Ideally, you should try to figure this money situation out as soon as possible. Contributions for others will impact your own savings targets and lender’s documentation requirements. If a family member or a friend has offered to contribute money to your down payment, make sure you express your appreciation and let them know your buying plans. It’s important to go over everything as far in advance as possible, to clear the air for logistics and tax obligations later.
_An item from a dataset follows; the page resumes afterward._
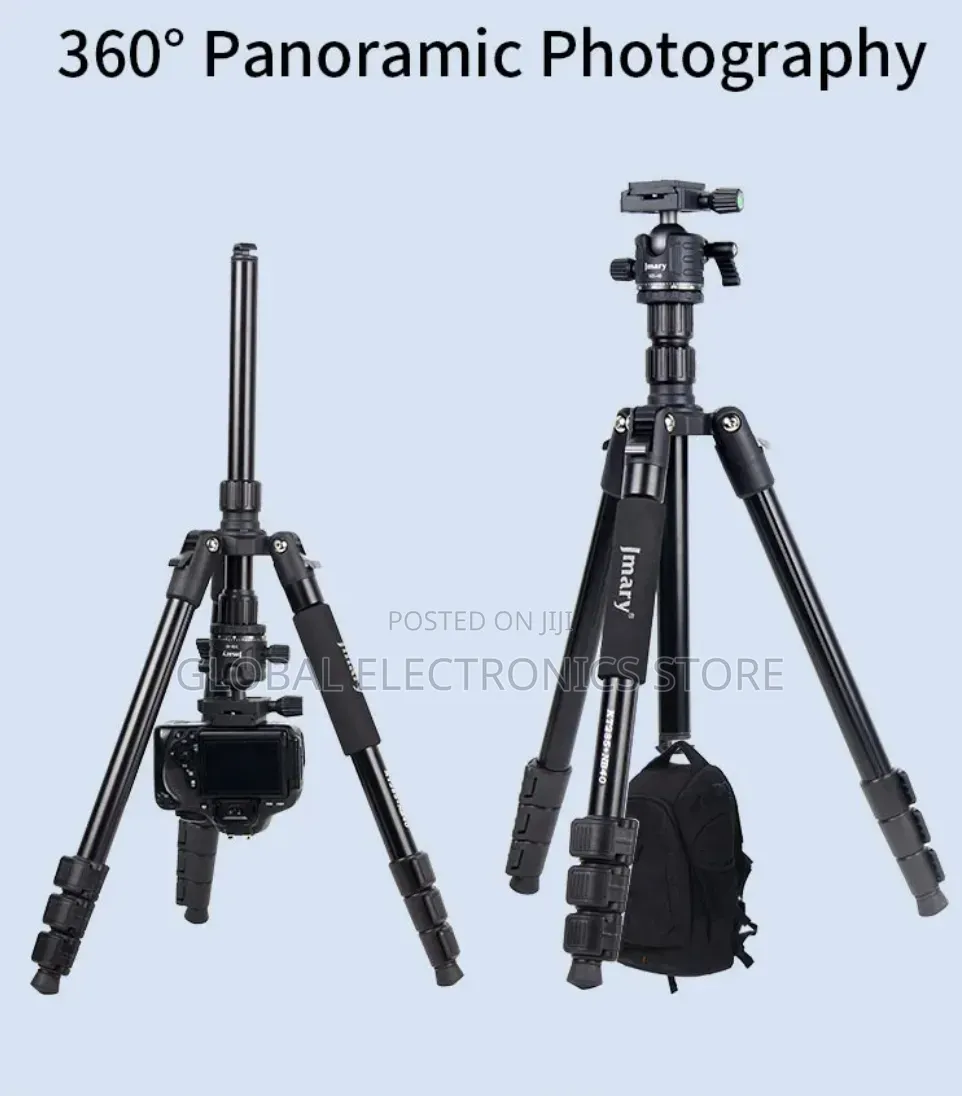 Jmary 2 In 1 Heavy Duty Tripod Monopod (Max 1.74m 4kg)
Before you get started though, you should just check in with your mortgage lender. They’ll detail to you how much of your down payment money can be satisfied by gift money (this can be different from situation to situation). In most cases, a gift letter will be required by the lender in addition to the gift money. Be prepared to have the paperwork to back up your gift money, so that there is no ambiguity over whether this is a loan or a gift.
5. Your Financial Assets.
We hope that as you prepare to buy a home, you have some financial assets in addition to your savings account. These could be valuable tools when you’re trying to gather enough funds for your down payment. In some cases, you can pull out funds, penalty-free, from your retirement account and apply them towards your down payment. Of course, this shouldn’t be your first choice for getting funds for your down payment. It might not be wise to tap into your 401K or IRA for support on your down payment. Make sure it makes sense for your specific situation and your individual circumstances.
Talk with your financial advisor first before you make this critical move. Pulling funds from your 401K to get your down payment to the 20% mark could make sense, but it might not be the best choice for you strategically. Take the time to at least explore this idea with your advisor before making a final decision on your down payment money.